Golovanov Receives Compensation

Our Christmas Day inbox included a message from Russian Deaflympic wrestler Eugene Golovanov thanking us for highlighting the issues over the RSDC submitting a falsified audiogram in his name.


We can confirm by his message that we received this morning, that the sum of 100,000 rubbles was deposited into his bank account on 19th December, this was unknown to us as we promoted the story on 21st December – so we are pleased to see that Eugene has been compensated for moral damages.


It is not known to either Eugene or ourselves, if this deposit was made in the knowledge that we were going to go public with the story or if it was a happy coincidence.


Golovanov said “I hope that after this publication, I would not (be) interfere with participation in the Championship of Russia on March 23-25, 2015.”

ICSD Executive Officials Guilty of Falsifying Audiograms

How many Deaf athletes are guilty of falsifying their audiograms?

The BBC recently stated that a German TV documentary claims that 99% of Russian athletes are guilty of doping. You can find a link to this report at the end of this post.

The TV documentary is another investigation about Russian officials systematically accepting payments from athletes to supply banned substances and cover up tests. Not surprisingly, the Russian Athletic Federation (RAF) says the allegations are ‘lies’. The IAAF and WADA say they are investigating; hopefully they will be thorough.

Now, we mention this because in Deaf sport, it is the audiograms which are sacrosanct – falsifying an audiogram is as serious as it gets, just as ‘doping’ gives athletes an advantage, submitting a false audiogram to pretend that you are Deaf enough to compete in Deaf sport and the Deaflympics is cheating.

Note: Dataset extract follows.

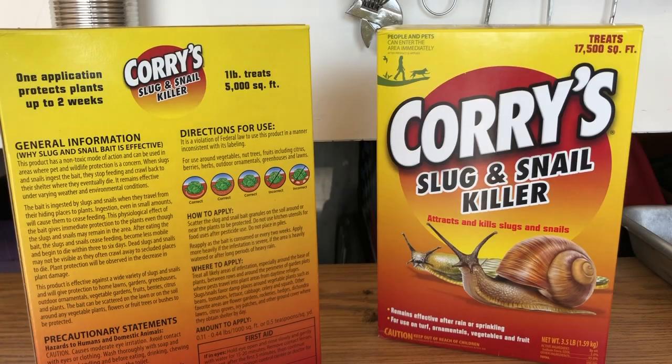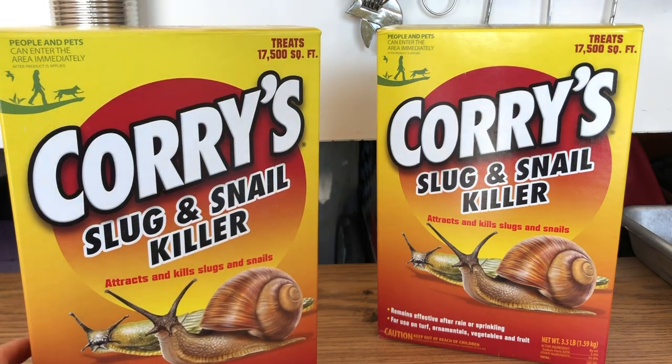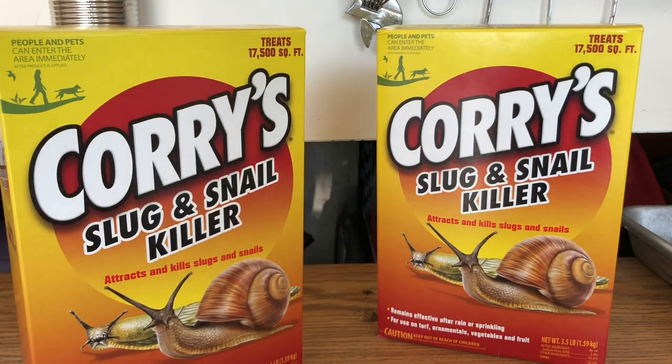So this is what I use — this is Corry's slug and snail killer, one pound. They say it treats five thousand square feet, but if you look at the box it says the amount to apply is anywhere between 0.11 and 0.44 pounds per one thousand square feet. So if you put it down at the minimum amount then one pound will cover five thousand square feet. But for me, I want these things gone — I'm going to put it down at a half pound per one thousand square feet. Doing the math, half pound per thousand square feet, I have 12,000 square feet of grass, so I'm going to need six pounds of this stuff. That's why I have two boxes here — three and a half pound boxes — so I'm going to have just a little bit left over when I'm done.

Does Audiogram cheating occur in Deaf sport? At the Deaflympics there are WADA anti-doping tests and random Audiogram testing to catch out the cheats. This happens at every Deaflympics, and it is a good thing, because it shows that the ICSD are vigilant about audiograms and the Deaflympic Movement values the inviolability of the Olympic Code as we compete under the banner of the ICSD and IOC.

More often than not in doping and audiogram checks, it is athletes who are caught out and banned, but occasionally coaches and officials are too. But what about a member of a National Olympic Committee or indeed a high –level member of staff at the IOC, what would happen if they cheated by falsifying information, would they be given a ban? Yes, indeed, we expect they would, just as IOC members are stripped of their membership for accepting bribes etc.

Unfortunately, most unfortunately, this type of cheating and cover up is occurring right now at the highest levels of the ICSD. I have read information that the Russian Deaf Sports Confederation (RDSC) was found guilty of falsifying audiograms. I have seen legal Moscow Court documents, supplied by a Russian Deaflympic wrestler Eugene Golovanov, showing that the RDSC have been ordered to pay compensation to him as the court ruled that the RDSC falsified his audiogram in order to discredit him. As well as making compensation payments, the RDSC were also ordered by the court to issue a public statement vindicating the wrestler. The falsification of the audiogram took place in 2011.

RDSC immediately appealed against the decision, which they eventually lost in early 2014. According to my correspondence with Mr Golovanov he has still not received the compensation and he continues to meet resistance form the RDSC to allow him to compete.

Dmitry Rebrov is the man who submitted the false audiogram in 2011 and “strongly urged” ICSD administrators to check the details. After the RDSC had been taken to court, they continued to keep Mr Rebrov in office as they defied the court order and lodged their appeal.


Photo: Dimitry Rebrov, who submitted a falsified audiogram to the ICSD in 2011.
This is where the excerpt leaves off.